NYダウは冒頭の下げ幅の6割を一気に回復したほか、ナスダックにいたっては戻り高値を更新して2/2の年初来高値にも肉薄。先月後半以降、米国を代表するハイテク大手の決算材料が主要な株式指数の押し上げに寄与しており、主力株依存が際立っています。中小型株指数のラッセル2000が年初来安値圏に沈んでいることを鑑ればあまりに偏向的と言わざるを得ません。良くも悪くも主力のハイテク大手の株価動向に運命が委ねられている状況ですので、とにもかくにも売り方のショートカバーがどこまで続くのかを注視しておくべきでしょう。
【日本株投資戦略】
大型連休明けの日本株は外部環境の波乱を織り込みながら上昇へ、休み明けの買い一巡後には自律的な調整あるものとして警戒も
日本市場が大型連休に伴い休場となる中、海外市場では米国の金融不安や米FOMC、欧州ECBの中銀イベントを消化しました。時間外の日経平均先物は一時28,500円台まで下落する波乱の展開もありましたが、休み明けは29,000円台を回復してのスタートとなりそうです。
日本株においては、この間に生じた銀行セクターへの波及懸念や景気悪化懸念を織り込みにいく必要があるものと考えられますが、休場入りする前の相場を引き継ぐものであるならば、投資家の押し目買い意欲が相当に高いことを窺わせたことから上値を試す動きが期待されます。
大型連休前で手控える向きもあったことを加味しますと、休み明けで改めて新規買いに動いてくる投資家も多いかもしれません。また、ありきたりですが重要な変化の一つとして注目されるのは、新型コロナ対応をめぐる感染症分類の2類→5類への変更により脱コロナを明確にしたことで、経済再開への期待が本格的に高まりやすいことでしょう。
◆「アフターコロナ」高まる期待 経済押し上げ4.2兆円(2023/5/8)
ここで改めて経済再開期待の内需株、インバウンド関連や化粧品関連などを物色する連想が働くかもしれませんが、これらはすでに年初および3月以降で段階的に物色資金を惹き付けてきました。ここではいわば上昇相場の仕上げに取り掛かってくるところでしょう。他方で注目度がこれから高まってくるところでは、今月開催されるG7広島サミットおよび日本を取り巻く諸外国との対外関係の変化であり、国際マクロでは多くの問題が横たわっています。これらを外交努力をもって一つ一つ懸案をクリアしていくことで国際情勢の安定化が図られ、日韓関係の改善にみられますように日本企業のビジネス環境も明るくなる材料が提供されてくるはずです。

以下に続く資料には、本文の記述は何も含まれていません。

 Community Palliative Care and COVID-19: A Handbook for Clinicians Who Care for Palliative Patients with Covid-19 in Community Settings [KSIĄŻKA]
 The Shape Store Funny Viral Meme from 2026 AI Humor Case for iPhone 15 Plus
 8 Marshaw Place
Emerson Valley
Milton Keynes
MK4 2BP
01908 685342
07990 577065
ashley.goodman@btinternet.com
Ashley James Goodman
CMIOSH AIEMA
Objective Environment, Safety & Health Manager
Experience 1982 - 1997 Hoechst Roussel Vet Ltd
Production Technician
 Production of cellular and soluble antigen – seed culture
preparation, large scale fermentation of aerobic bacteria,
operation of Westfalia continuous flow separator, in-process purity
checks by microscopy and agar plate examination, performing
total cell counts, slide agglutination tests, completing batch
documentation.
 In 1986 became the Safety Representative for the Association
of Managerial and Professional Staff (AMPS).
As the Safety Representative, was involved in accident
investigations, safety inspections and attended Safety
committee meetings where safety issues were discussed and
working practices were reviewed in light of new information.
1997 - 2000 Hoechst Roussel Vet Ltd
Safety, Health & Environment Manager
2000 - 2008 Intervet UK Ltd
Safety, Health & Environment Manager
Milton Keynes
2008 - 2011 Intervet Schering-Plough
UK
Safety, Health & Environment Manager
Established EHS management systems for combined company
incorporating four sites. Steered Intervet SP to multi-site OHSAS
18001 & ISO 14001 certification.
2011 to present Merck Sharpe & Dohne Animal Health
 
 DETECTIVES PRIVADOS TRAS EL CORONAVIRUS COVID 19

そうなりますと、内需株へのアフターコロナ期待に加えて外需株にとっても見通しが明るくなり、日本株が総花的に買われやすくなるとみておいてよいかと思われます。相場としては短期的にみれば需給要因が優先されますので、休み明けの買いが一巡した後というのは一旦膠着あるいは調整しやすくなってくるかと思います。

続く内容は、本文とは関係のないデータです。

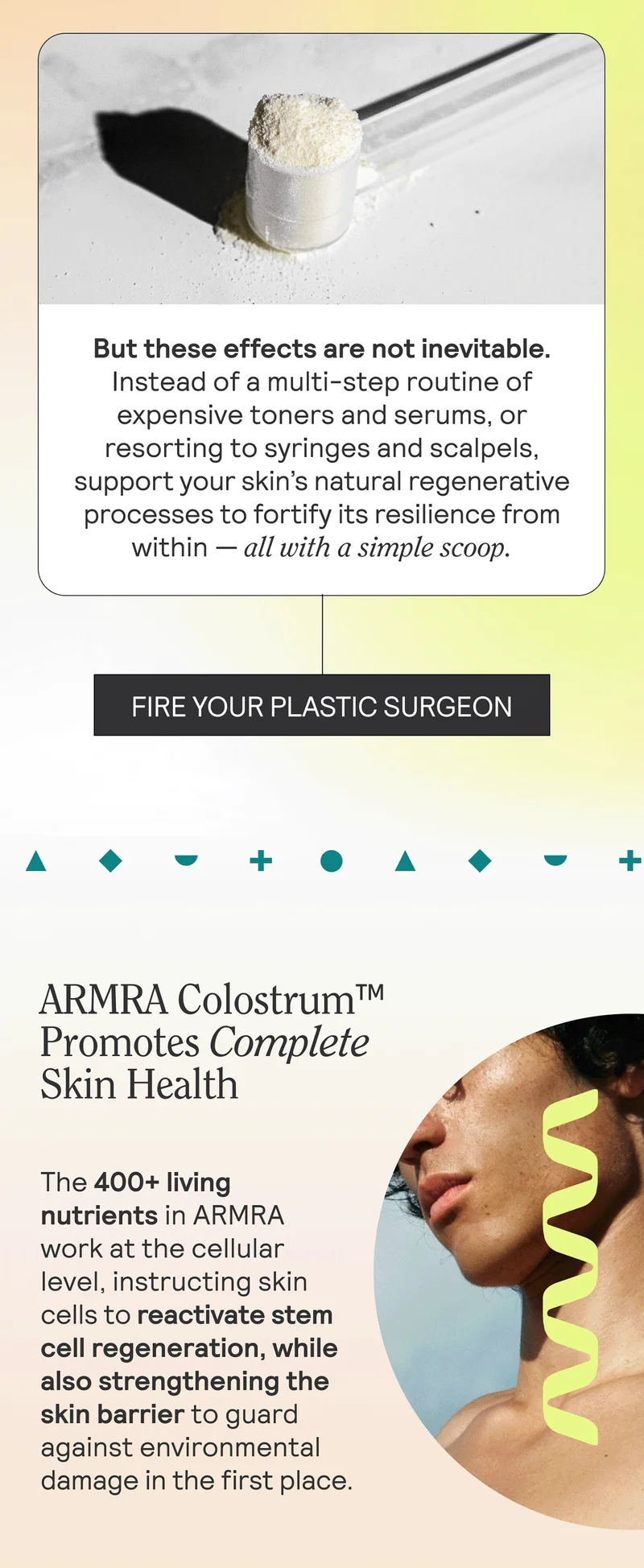 But these effects are not inevitable. Instead of a multi-step routine of expensive toners and serums, or resorting to syringes and scalpels, support your skin’s natural regenerative processes to fortify its resilience from within — all with a simple scoop. FIRE YOUR PLASTIC SURGEON  HED: ARMRA Colostrum™ Promotes Complete Skin Health  BODY: The 400+ living nutrients in ARMRA work at the cellular level, instructing skin cells to reactivate stem cell regeneration, while also strengthening the skin barrier to guard against environmental damage in the first place.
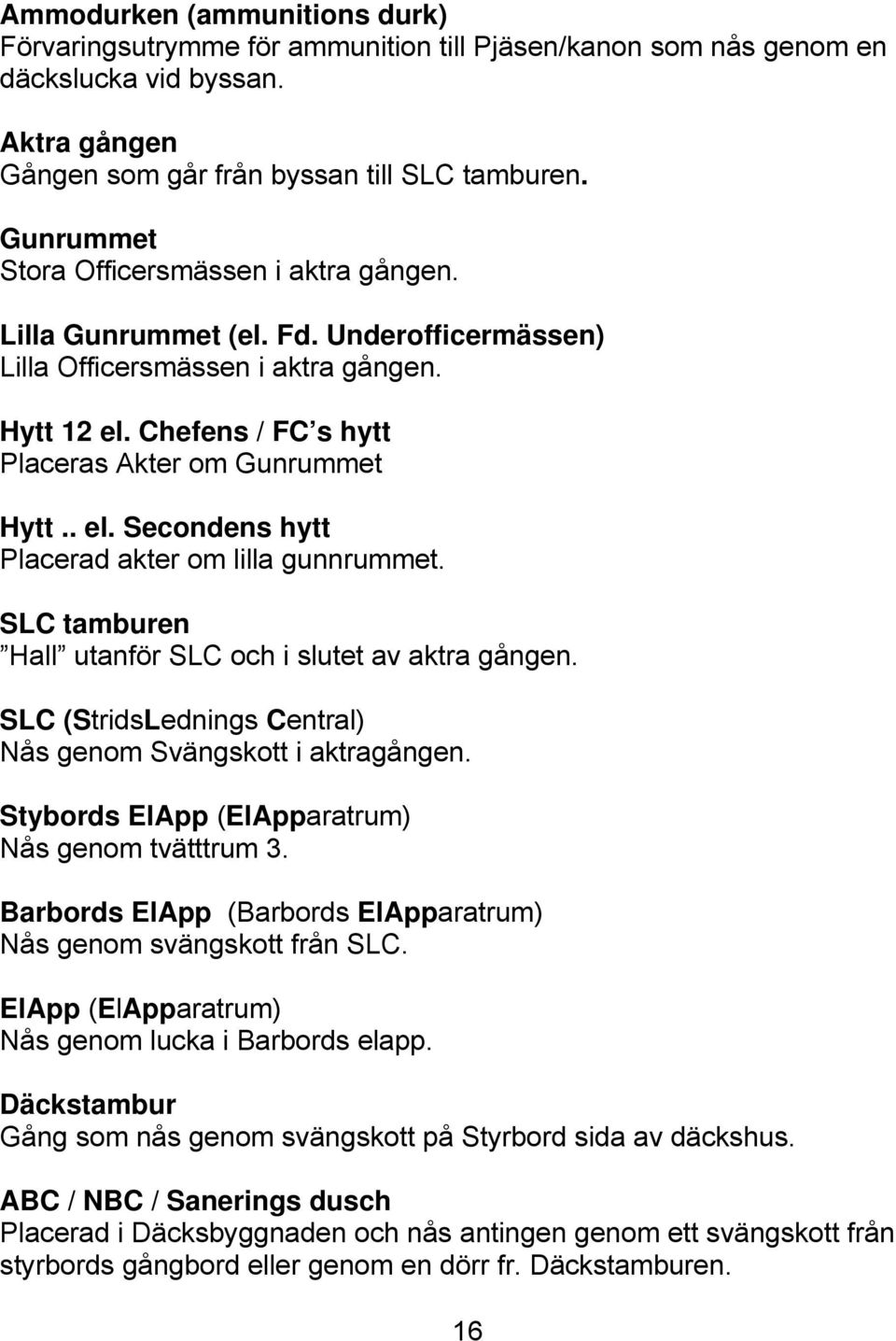 SLC tamburen Hall utanför SLC och i slutet av aktra gången. SLC (StridsLednings Central) Nås genom Svängskott i aktragången. Stybords ElApp (ElApparatrum) Nås genom tvätttrum 3.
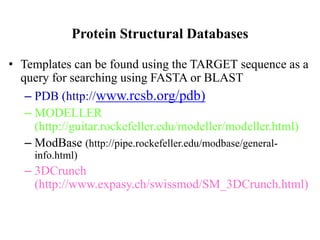 Protein Structural Databases
• Templates can be found using the TARGET sequence as a
query for searching using FASTA or BLAST
– PDB (http://www.rcsb.org/pdb)
– MODELLER
(http://guitar.rockefeller.edu/modeller/modeller.html)
– ModBase (http://pipe.rockefeller.edu/modbase/general-
info.html)
– 3DCrunch
(http://www.expasy.ch/swissmod/SM_3DCrunch.html)
 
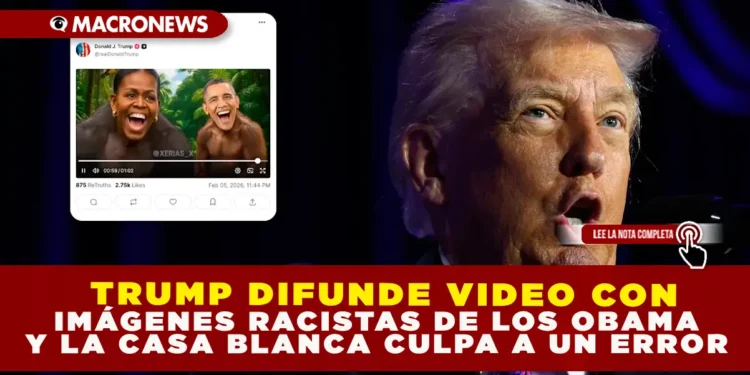 TRUMP DIFUNDE VIDEO CON IMÁGENES RACISTAS DE LOS OBAMA Y LA CASA BLANCA CULPA A UN ERROR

したがいまして、投資家は休み前にどう立ち回ったかで対応が変わってくるのだと思われますが、リスクを取ってポジションをとったのであれば今週前半のところで利益確定売り、反対にリスク回避でポジションを落としたのであれば休み明けに慌てて上値を追いかけるよりも一呼吸置いて来週以降、もっと言えば日本企業の決算発表が一巡してそれをアナリストが評価レポートを出し始める再来週くらいからじっくり手がけていくくらいがちょうど良いのではと考えています。